To be perfectly explicit, define $$S=\{(y,z)\in F\times G:\text{there exists }x\in E\text{ such that }\pi(x)=y\text{ and }f(x)=z\}.$$
Since $F\times G$ is a set, $S$ is a set by Separation.
Now let us prove that $S$ is a function from $F$ to $G$: that is, for each $y\in F$, there exists a unique $z\in G$ such that $(y,z)\in S$. Given $y\in F$, there exists $x\in E$ such that $\pi(x)=y$. Let $z=f(x)$ for such an $x$*; then $(y,z)\in S$. Now we need to prove that this $z$ is unique, so suppose there exists $z'\in G$ such that $(y,z')\in S$ as well.

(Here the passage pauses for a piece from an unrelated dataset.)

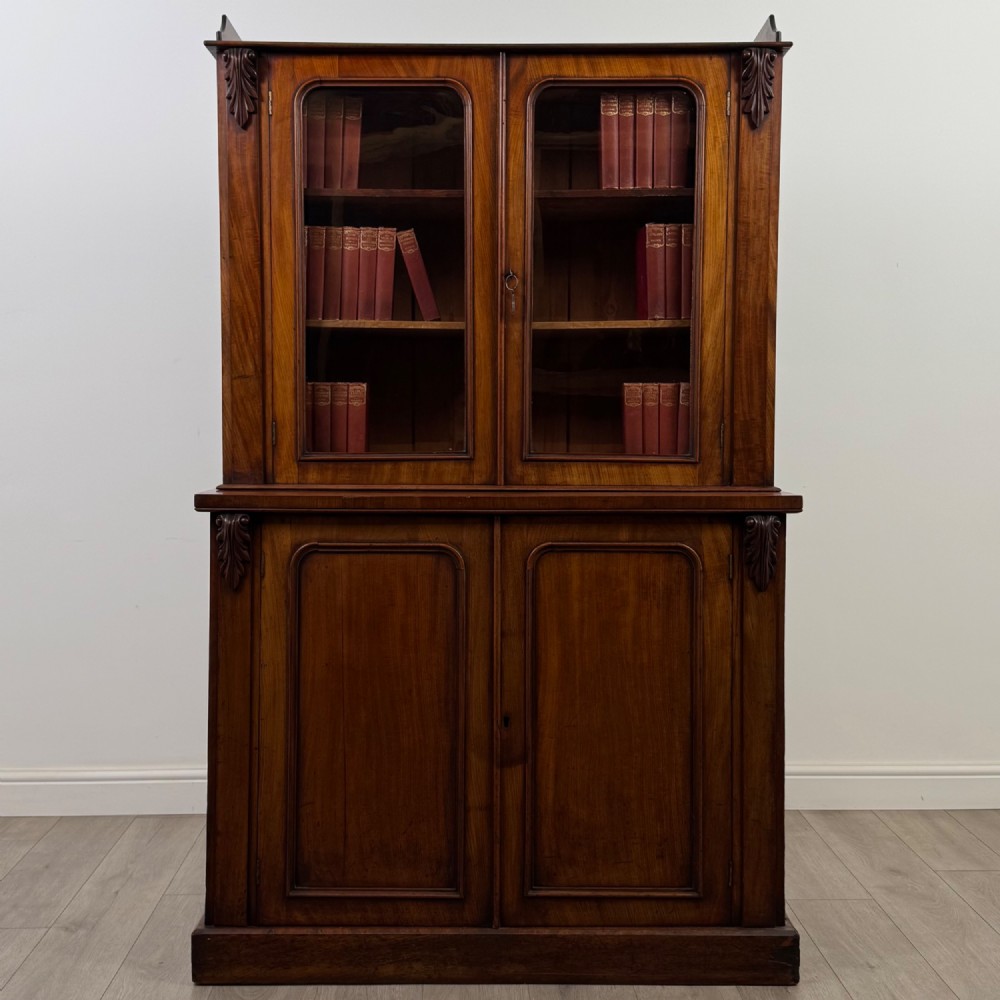 A 19th-century Victorian mahogany bookcase featuring a glazed upper display cabinet with carved corbels above a two-door solid cupboard base.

Then there exists $x'\in E$ such that $\pi(x')=y$ and $\pi(x')=z'$. So $\pi(x')=\pi(x)$, which by hypothesis implies that $f(x')=f(x)$. That is, $z'=z$.
So $S$ is a function from $F$ to $G$, which we will call $g$. It remains to be checked that $f=g\circ \pi$. So given $x\in E$, we want to show that $g(\pi(x))=f(x)$. Writing $y=\pi(x)$, and $z=f(x)$, we have $(y,z)\in S$ by definition of $S$. This says exactly that $g(\pi(x))=f(x)$.
*I'm guessing you may object to "picking" such an $x$ here, but this is perfectly valid. One of the basic rules of first-order logic is that if you have a statement of the form $\exists x\varphi(x)$, then you can let $x$ denote some particular object such that $\varphi(x)$ is true and continue your proof using this $x$ (exactly how this is formalized may depend on exactly what deductive system you are using).